Items from a data source:
################
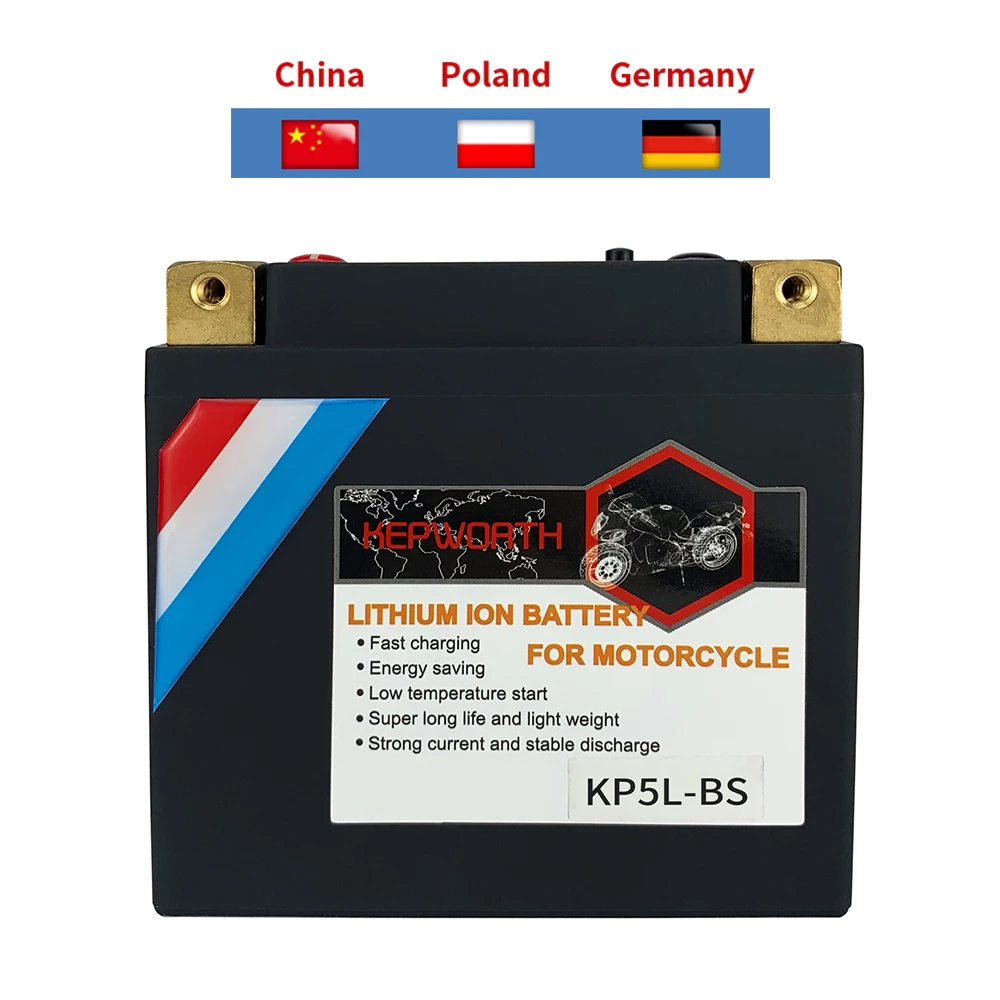 KP5L-BS 12V 3Ah CCA 180A Motorrad LiFePO4 Batterie Lithium-Eisen Phosphat  Roller Starten Batterie 12V LFP Schnelle Starter YTX5L-BS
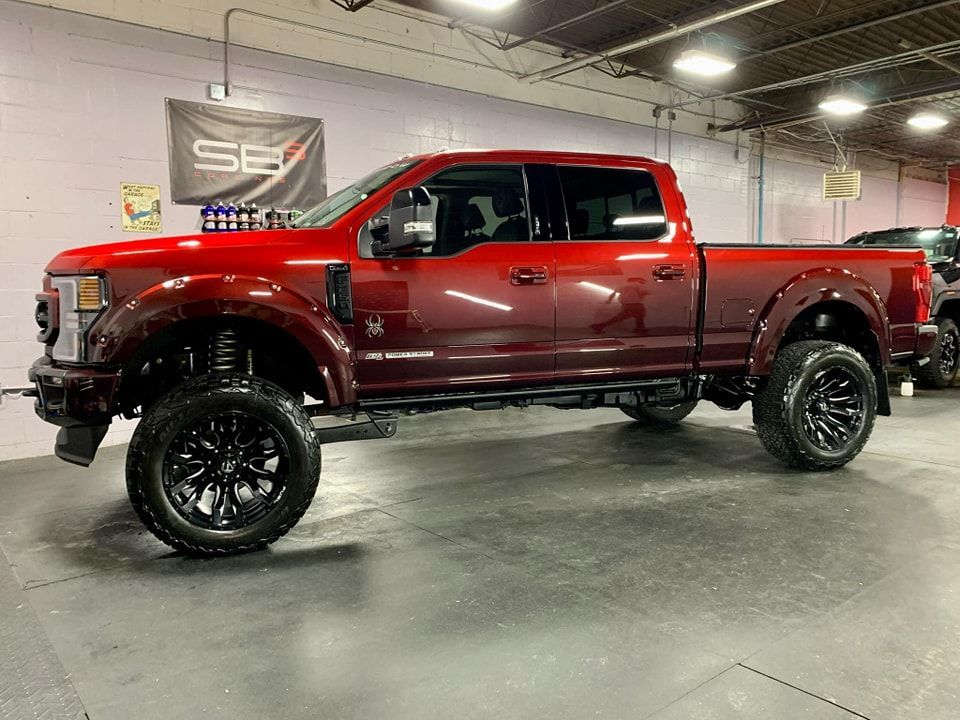 Black Widow Ford SuperDuty with SB3 Alpha Ceramic Coating - To The Limit Motorsportz - Saxonburg PA 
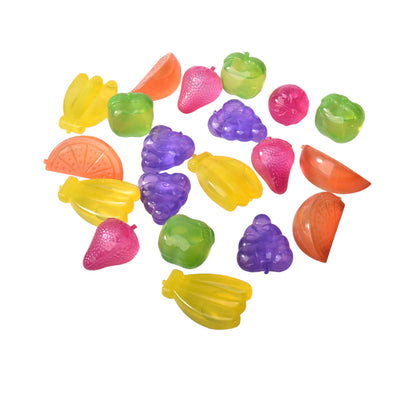 SET 20UND CUBOS DE HIELO FORMA FRUTA REUTILIZABLE PLASTICO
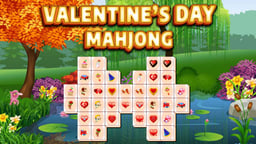 Valentines Day Mahjong Logo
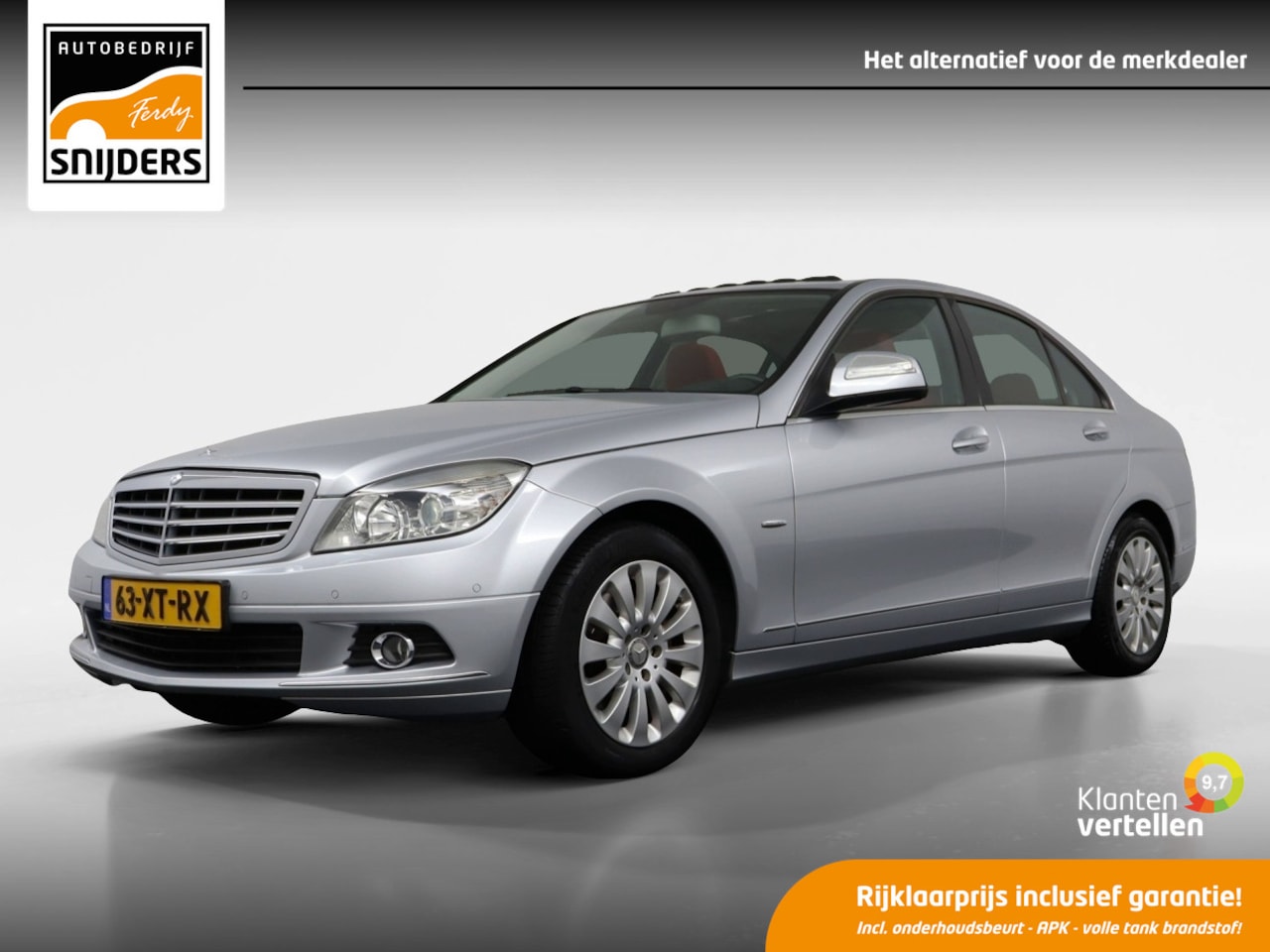 Mercedes-Benz C-klasse - 220 CDI Elegance 220 CDI Elegance, Orig.NL - 1e Eigenaar - UNIEK! | Navi | Exclusive Leer | PDC | Cruise | - AutoWereld.nl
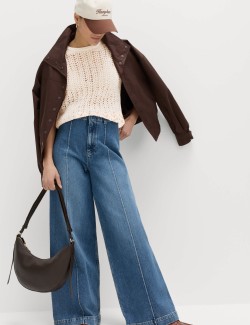 Cotton Rich Textured Knitted Top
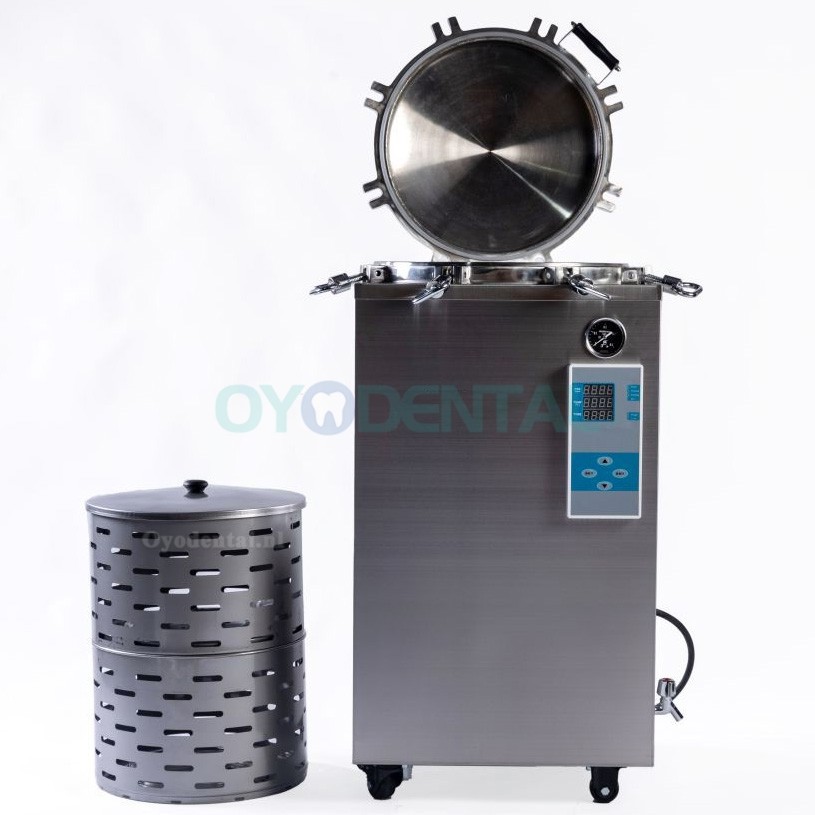 35L-150L Automatische grote verticale hogedrukstoomautoclaafsterilisator 105℃-134℃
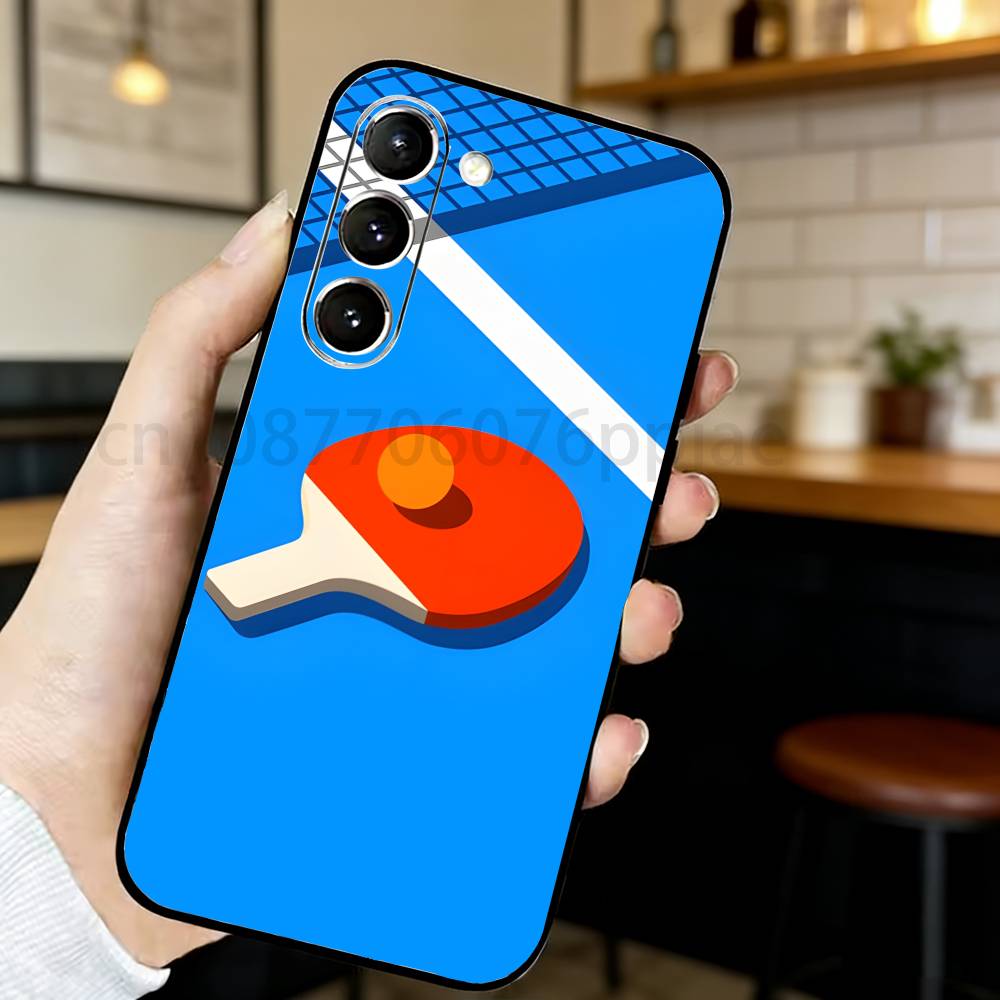 Funda de teléfono con raqueta  - Table Tennis Logo Free reseña y precio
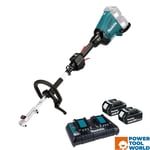 Makita DUX60PT2 Twin 18v LXT Brushless Split-Shaft Multi Tool Motor Inc 2x 5....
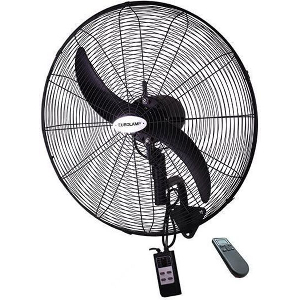 ΑΝΕΜΙΣΤΗΡΑΣ ΕΠΙΤΟΙΧΙΟΣ 130W EUROLAMP 300-23506 ΜΑΥΡΟ ΜΕ RC&ΠΕΡΙΣΤΡΟΦΗ ΒΙΟΜΗΧΑΝΙΚΟΣ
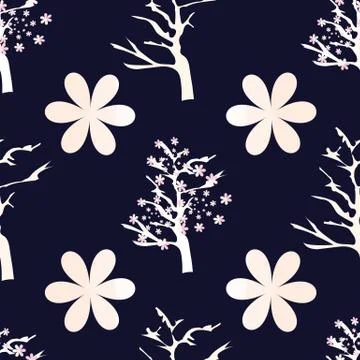 Illustration of cherry blossoms Stock Illustration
################
Assigned task – Set down nothing but the lines from the one containing "Valentines Day Mahjong Logo" to the final line above, both included, with every picture left out.

Result of this task –
 Valentines Day Mahjong Logo
 Mercedes-Benz C-klasse - 220 CDI Elegance 220 CDI Elegance, Orig.NL - 1e Eigenaar - UNIEK! | Navi | Exclusive Leer | PDC | Cruise | - AutoWereld.nl
 Cotton Rich Textured Knitted Top
 35L-150L Automatische grote verticale hogedrukstoomautoclaafsterilisator 105℃-134℃
 Funda de teléfono con raqueta  - Table Tennis Logo Free reseña y precio
 Makita DUX60PT2 Twin 18v LXT Brushless Split-Shaft Multi Tool Motor Inc 2x 5....
 ΑΝΕΜΙΣΤΗΡΑΣ ΕΠΙΤΟΙΧΙΟΣ 130W EUROLAMP 300-23506 ΜΑΥΡΟ ΜΕ RC&ΠΕΡΙΣΤΡΟΦΗ ΒΙΟΜΗΧΑΝΙΚΟΣ
 Illustration of cherry blossoms Stock Illustration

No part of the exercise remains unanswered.